Find the inverse Laplace transform of the giveb function by using the convolution theorem.
$$F(x) = \frac{s}{(s+1)(s^2+4)}$$
If I use partial fractions I get: $$\frac{s+4}{5(s^2+4)} - \frac{1}{5(x+1)}$$
which gives me Laplace inverses:
$$\frac{1}{5}(\cos2t + \sin2t) -\frac{1}{5} e^{-t}$$
But the answer is: $$f(t) = \int^t_0 e^{-(t -\tau)}\cos(2\tau) d\tau$$
How did they get that?
Related techniques (I), (II).

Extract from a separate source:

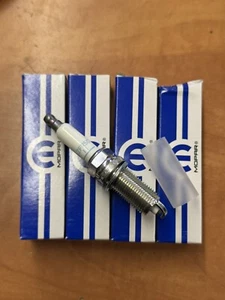 Set Di 4 Candele Spark Plug Mopar LZFR5C11 - Foto 1 di 4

Using the fact about the Laplace transform $L$ that
$$ L(f*g)=L(f)L(g)=F(s)G(s)\implies (f*g)(t)=L^{-1}(F(s)G(s)) .$$
In our case, given $ H(s)=\frac{1}{(s+1)}\frac{s}{(s^2+4)}$
$$F(s)=\frac{1}{s+1}\implies f(t)=e^{-t},\quad G(s)=\frac{s}{s^2+4}\implies g(t)=\cos(2t).$$
Now, you use the convolution as
$$ h(t) = \int_{0}^{t} e^{-(t-\tau)}\cos(2\tau) d\tau . $$